*Instructions for the task*.
Look through the data below for the line with "Used Chrysler Grand" and the line with "Oxford White 2025 Ford Bronco Badlands", then transcribe exactly from the first through the second, leaving out all pictures.
::: Data shown :::
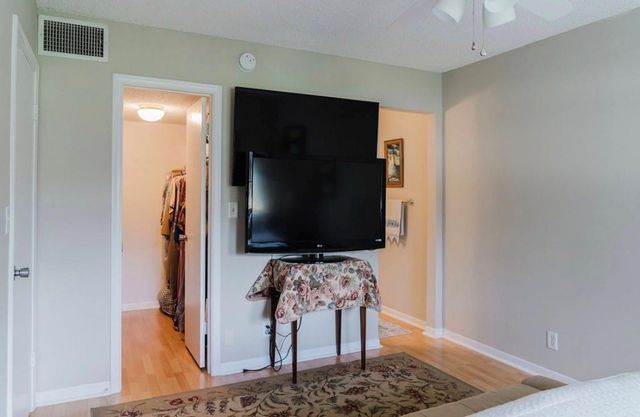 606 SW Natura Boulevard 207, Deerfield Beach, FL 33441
:::
::: Data shown :::
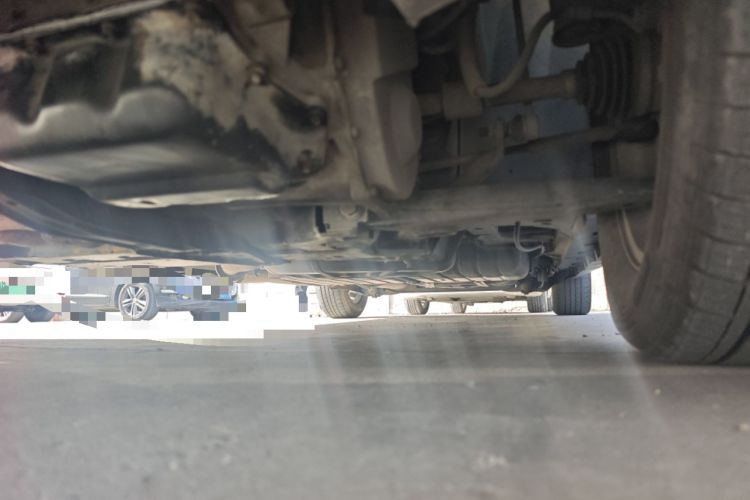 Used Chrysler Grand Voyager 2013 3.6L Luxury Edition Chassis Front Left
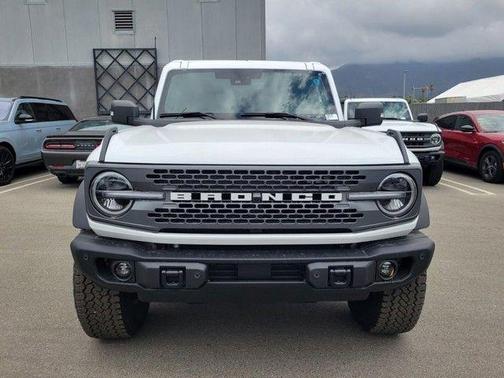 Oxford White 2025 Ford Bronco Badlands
:::
::: Data shown :::
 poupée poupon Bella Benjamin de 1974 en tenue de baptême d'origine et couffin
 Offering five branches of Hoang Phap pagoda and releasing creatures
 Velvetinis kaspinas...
:::
*Response to the exercise*.
 Used Chrysler Grand Voyager 2013 3.6L Luxury Edition Chassis Front Left
 Oxford White 2025 Ford Bronco Badlands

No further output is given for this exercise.